Starting at the line that holds "Acrylic Champagne Bottle" and stopping at the line that holds "Color Turtleneck Sweater👗", restate the records below word for word, with both of those lines included.

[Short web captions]
● ● ● ● ●

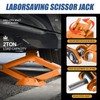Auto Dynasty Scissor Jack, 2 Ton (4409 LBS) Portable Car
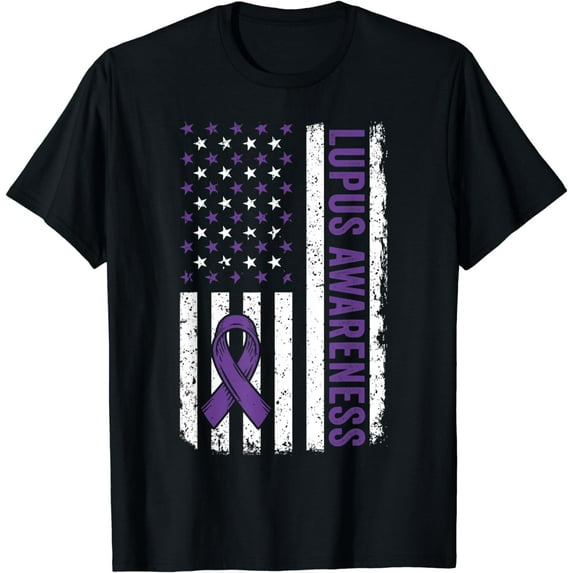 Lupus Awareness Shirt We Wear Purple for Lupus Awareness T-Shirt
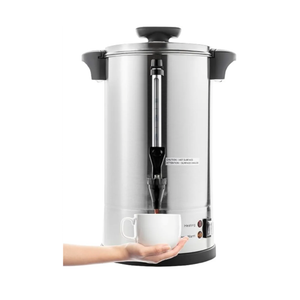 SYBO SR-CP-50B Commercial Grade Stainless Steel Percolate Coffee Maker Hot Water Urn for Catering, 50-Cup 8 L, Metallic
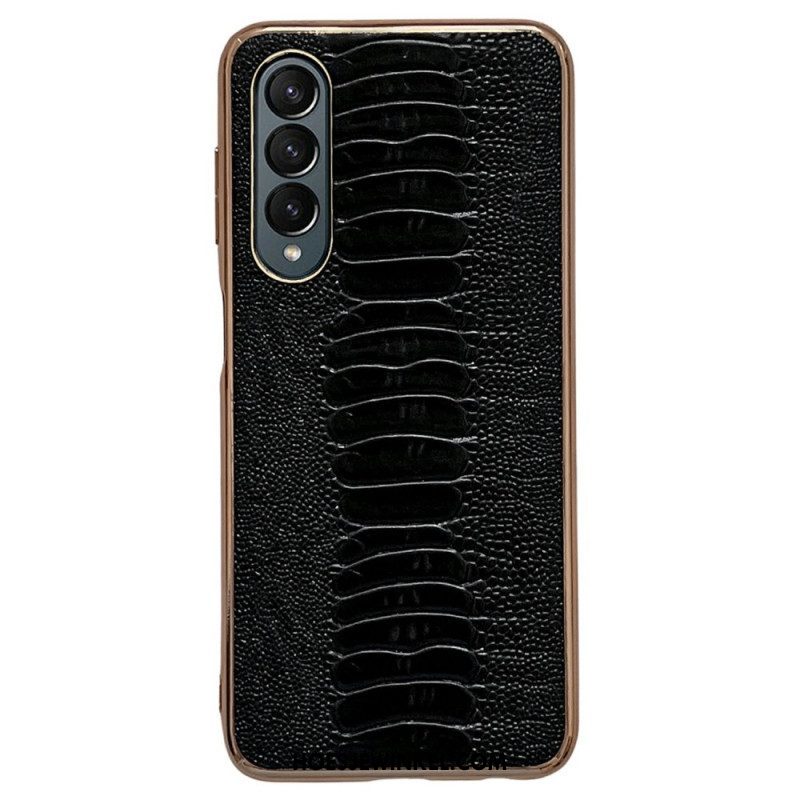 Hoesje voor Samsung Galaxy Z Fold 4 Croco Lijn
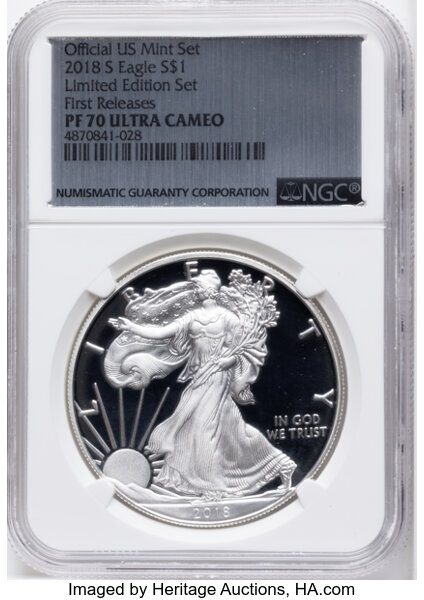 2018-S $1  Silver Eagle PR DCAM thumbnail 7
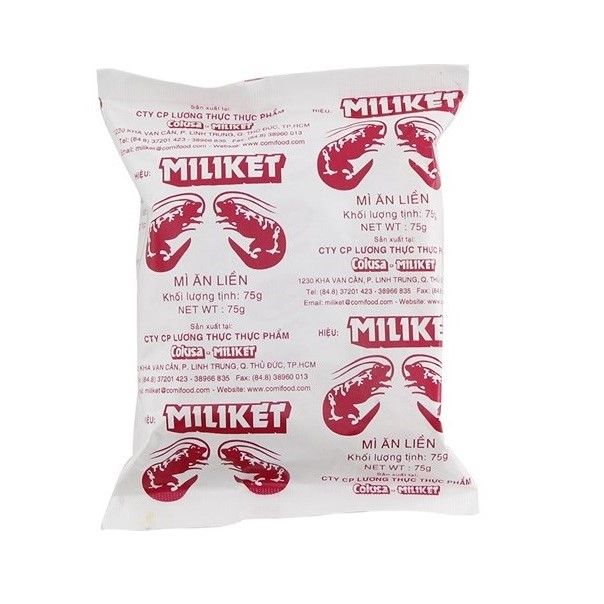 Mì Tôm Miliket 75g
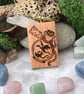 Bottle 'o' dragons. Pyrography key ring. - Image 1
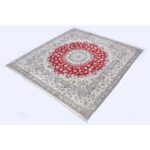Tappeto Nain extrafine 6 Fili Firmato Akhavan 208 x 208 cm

● ● ● ● ●

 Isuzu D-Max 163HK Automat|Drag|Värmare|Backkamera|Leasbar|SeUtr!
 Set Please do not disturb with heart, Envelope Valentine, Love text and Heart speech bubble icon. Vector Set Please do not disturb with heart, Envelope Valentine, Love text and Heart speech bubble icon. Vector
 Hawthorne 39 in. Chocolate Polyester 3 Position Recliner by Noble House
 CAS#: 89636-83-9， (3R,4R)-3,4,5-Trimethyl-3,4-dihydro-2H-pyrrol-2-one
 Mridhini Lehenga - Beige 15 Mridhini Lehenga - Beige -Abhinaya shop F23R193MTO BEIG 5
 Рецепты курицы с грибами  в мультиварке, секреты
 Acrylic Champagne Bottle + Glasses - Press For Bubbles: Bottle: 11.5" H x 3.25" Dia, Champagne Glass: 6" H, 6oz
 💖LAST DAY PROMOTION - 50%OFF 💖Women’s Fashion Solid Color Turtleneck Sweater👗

● ● ● ● ●

== Solved problem ==
 Acrylic Champagne Bottle + Glasses - Press For Bubbles: Bottle: 11.5" H x 3.25" Dia, Champagne Glass: 6" H, 6oz
 💖LAST DAY PROMOTION - 50%OFF 💖Women’s Fashion Solid Color Turtleneck Sweater👗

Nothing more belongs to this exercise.